Some 15% of survey respondents reported tightening standards for credit card loans to individuals or households, down from the 35% that reported doing so in the previous quarter's survey and the smallest net percentage reported since April 2008. Between 30% and 40% of banks continued to report tightening various terms and conditions on credit card loans, including credit limits, interest rate spreads, minimum required credit scores and their willingness to grant loans to customers who do not meet credit-scoring thresholds.
Approximately 15% of banks, on net, reported having tightened standards on consumer loans other than credit card loans during the third quarter, down from the 35% that reported having done so in the previous quarter and the smallest net percentage of tightening recorded since January 2008. With the exception of interest rate spreads, which nearly 35% of banks reported having widened, reports of tighter terms on other consumer loans were also less prevalent.

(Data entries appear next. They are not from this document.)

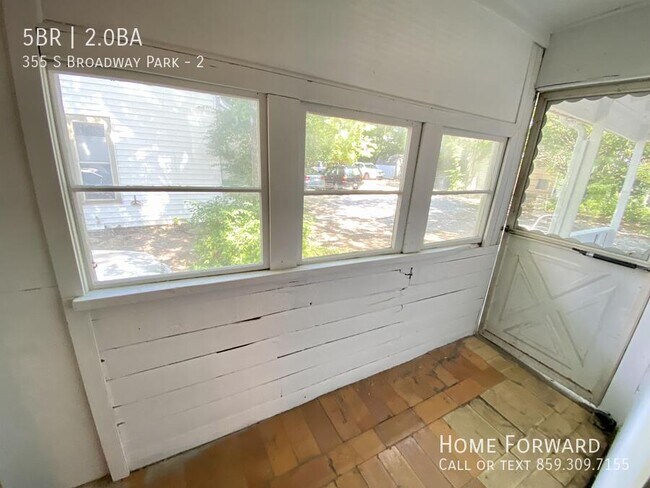 Building Photo - 355 S Broadway Park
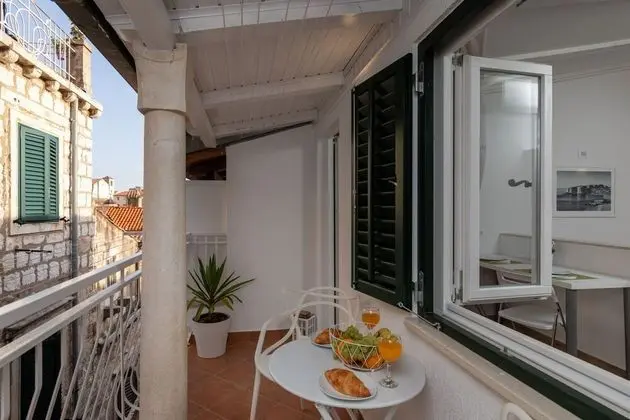 Apartment & Rooms Palmotta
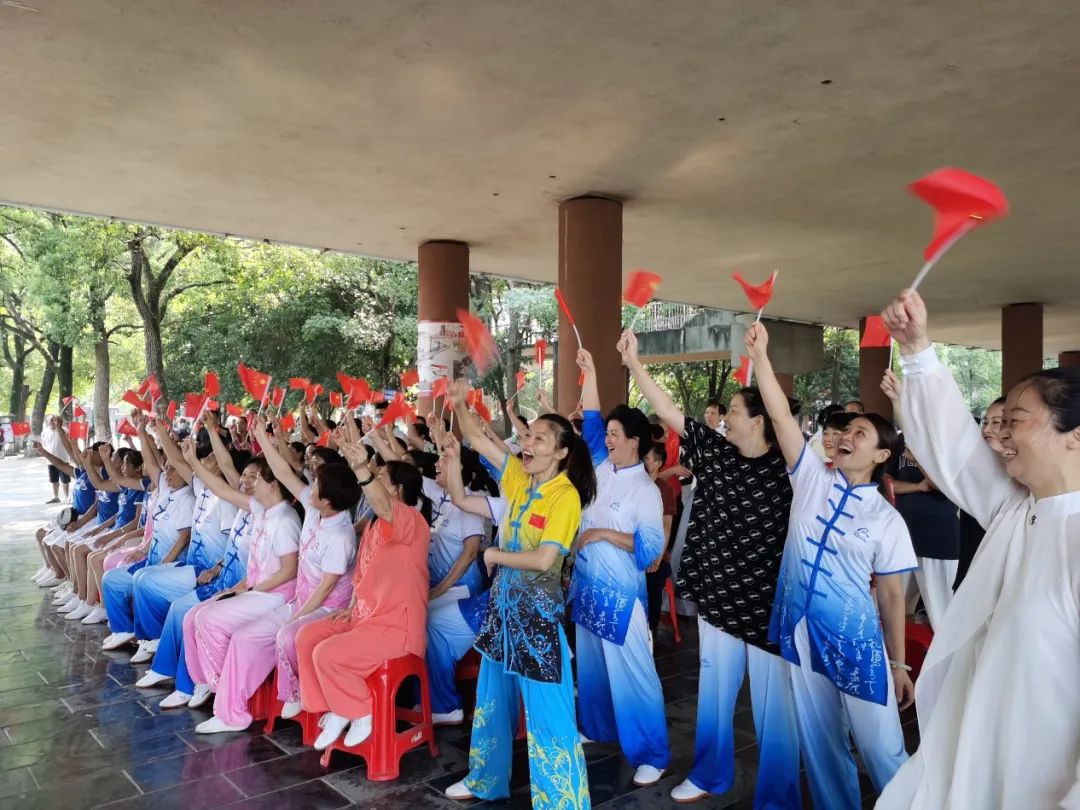 大祥区民政举办“喜迎党的二十大，文明创建我先行”社区群众文艺汇演活动(图7)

For consumer loans of all types, 25% of banks reported weaker demand, roughly the same as in the previous quarter.
Approximately 25% of banks, on net, reported that they had tightened standards on prime residential real estate loans over the past three months, which is slightly higher than during the second quarter, but is still significantly below the peak of 75% that was reported in July of last year.
For the third consecutive quarter, banks reported that demand for prime residential real estate loans strengthened. Some 30% of banks reported tightening standards on nontraditional mortgage loans, which represents a decline of about 15 percentage points from the previous quarter.